Review: ‘The Grizzlies’

Wonderfully Inspiring Lacrosse Centered Sports-Drama

Whether you like them or not, sports movies seem to be coming out all the time. Throughout the years we have had countless films centered around various different sports such as baseball, hockey, soccer, and more. Just this year, we got Gavin O’Connor’s The Way Back which centered around a recovering alcoholic who just so happened to be a basketball coach that had to fight his inner demons in order to lead his team to victory.

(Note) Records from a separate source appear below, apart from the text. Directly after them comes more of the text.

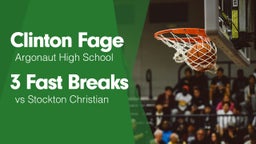 3 Fast Breaks vs Stockton Christian 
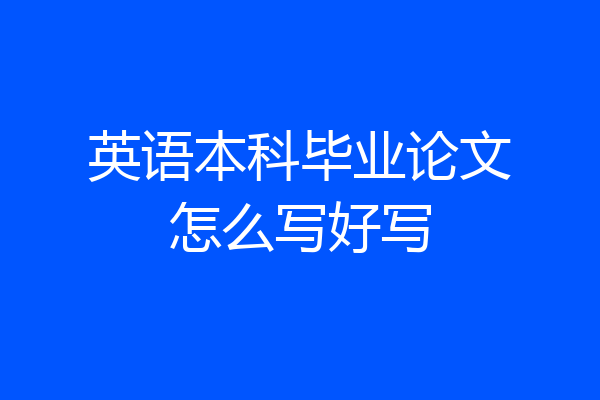 英语本科毕业论文怎么写好写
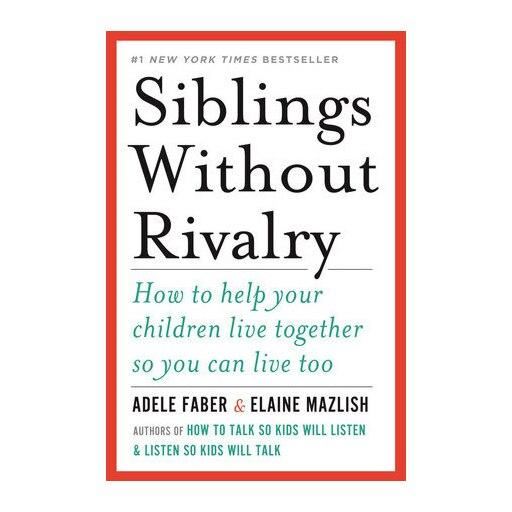 Siblings Without Rivalry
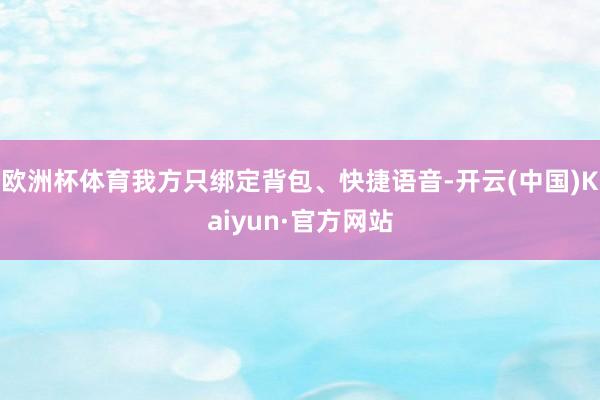 欧洲杯体育我方只绑定背包、快捷语音-开云(中国)Kaiyun·官方网站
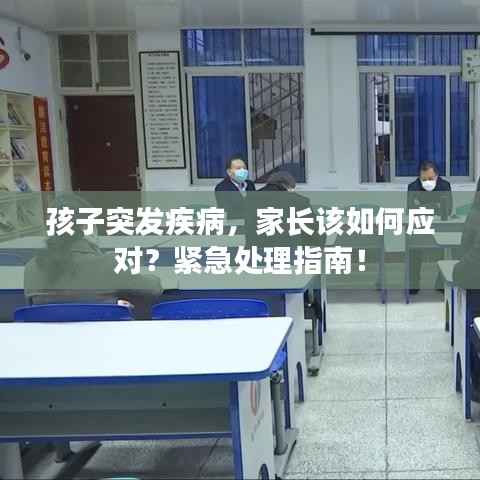 孩子突发疾病，家长该如何应对？紧急处理指南！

Surprisingly enough though, it seems like we never get any sort of film revolving around the sport of lacrosse, which is quite strange if you think about it. It’s not some extremely obscure sport that nobody has heard of. Growing up, I never personally played lacrosse but had a ton of friends that did and loved it greatly. I think I may have to show them Miranda de Pencier’s The Grizzlies now, because this is, at its core, a moving and remarkably entertaining film that manages to be both inspiring and heartfelt, even if it does have its faults.

In The Grizzlies, we follow a group of Inuit students in the small town of Kugluktuk, which just so happens to be the town with the highest suicide rate in all of North America. These students feel lost in this world and often feel like they need something in their life to be happy about. They feel often directionless. But as soon as they discover the sport of lacrosse, their lives get transformed forever as it becomes the one thing that truly inspires them and makes them happy.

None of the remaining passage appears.